From all the shit I have been through, this last experience really brought me down to earth (as if i had not been already...) It all started as a good day with some buddies kayaking down this local river that lets out into the long island sound. we had been out for a few hours, It was a great day all and all beers drank and stories told. It was a little send off for my journey across country next week. That all went south as we hit the docks. Now this river we kayak has a very strong currant running through these docks, lots of folks have been swept to sea or drown at least one a year but usually more. As i was coming up to the shore to join my friends the currant took my kayak. My kayak slammed into the dock and quickly sucked my kayak and nearly my self under the dock. I went form one moment of just joking laughing having fun, to holding on to this dock for dear life! I have never in all my close calls felt so insignificant, helplessly clinging to this dock with every ounce of strength fighting this mighty currant. I was only stuck for minutes but it felt like hours. As i tried desperately to pull my self onto the dock my friend shimmied along side of the dock and managed to aid me to shore. I was wet cold lost my only pair of glasses my shoes and my favorite dead milk men shirt. But god damn im so happy to be alive! 

I dont know if its just dumb luck a higher being but shit. long story short Be careful any time you boat and watch the currants, you have to respect nature and its power never underestimate whos really in charge on this rock we call earth... Stay safe everyone - much love.


----------



## Tude (Aug 5, 2015)

Wow that would have scared the shit outta me - glad it turned out well!!


----------



## Durp (Aug 5, 2015)

I'm happy you made it through. The water, especially the sea, is a very aww inspiring yet brutally powerful force. I'm sure you have also gained some more respect for its might. I know I am always humbled when nature almost kills me.


----------



## A4ronfodder (Aug 5, 2015)

very humbling indeed! Growing up by the ocean, Ive always had a respect, and understanding of its power. Even then, Alas nature teaches us new lessons every day. I was scared as fuck but when your adrenaline pumping seconds can seem like minutes and your either going to say hell no I'm living or just let go. Being blind for the night I had nothing to do but play it over and over in my head. The Lessons we learn some times..


----------



## Tude (Aug 5, 2015)

@A4ronfodder HUGE HUGS FOR THAT EXPERIENCE!!!!


----------



## Andrea Van Scoyoc (Aug 5, 2015)

Wow!!!

Glad you made it through!

Sorry about The Dead Milkmen tee.

I'd give my soul for one of those...but given the choice, we'd rather have you.

Peace and safe travels!


----------



## Kim Chee (Aug 5, 2015)

Every time I'm near a body of water (or ice covered water) I think about how there is no life for me beneath the surface. I may be able to visit, but if I stay too long, I'm finished.

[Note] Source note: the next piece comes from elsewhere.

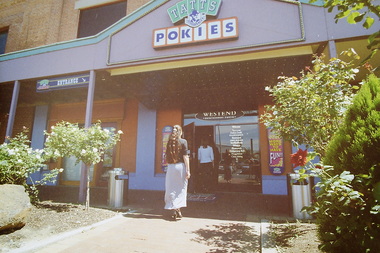Photograph - Westend Entertainment Centre 47 McIntyre Road Sunshine North 2000 Photograph, Sunshine Advocate, 2nd March 2000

Glad it went well for you. I hope somebody can learn from your experience.


----------



## A4ronfodder (Aug 6, 2015)

Thanks for the well wishes! I just got new glasses, Now its time to start packing and hit the road to Oregon.


----------



## Anagor (Aug 6, 2015)

Never give up! All the best ...


----------



## Deleted member 2626 (Aug 7, 2015)

hell yeah man. i use a small plastic canoe with my dog and my buddies 'yak. we've had some wild times on the creeks around here. I had to jump in up to my thighs in winter few years back to avoid capsizing. And then my dog, was still a pup, fell in and started down stream and I snagged him by the scruff and yanked him out. He didn't even notice


----------



## Kim Chee (Aug 7, 2015)

A4ronfodder said:


> Thanks for the well wishes! I just got new glasses, Now its time to start packing and hit the road to Oregon.



Getchya a lanyard or "eyeglasses keeper" if you haven't already done so. This simple device, easily fashioned and available almost anywhere might prevent you from losing your glasses.

I'm not blind by any means, but damn do I feel handicapped without a lens in front of my eyes. 

On topic:
Water can be life sustaining or oxygen depriving depending on the circumstances.

May all your experiences with water be ones you enjoy.


----------



## Parker Free (Aug 8, 2015)

A4ronfodder said:


> very humbling indeed!



It's humbling indeed in that moment when we're presented with a life-changing experience in which we have no control other than to try to hang on. I'm glad you did.


----------



## Venatus (Aug 12, 2015)

man that sounds fucking awful, this is why im not a fan of being in large bodies of water, stay safe and alive i bet you will have more tales to tell


----------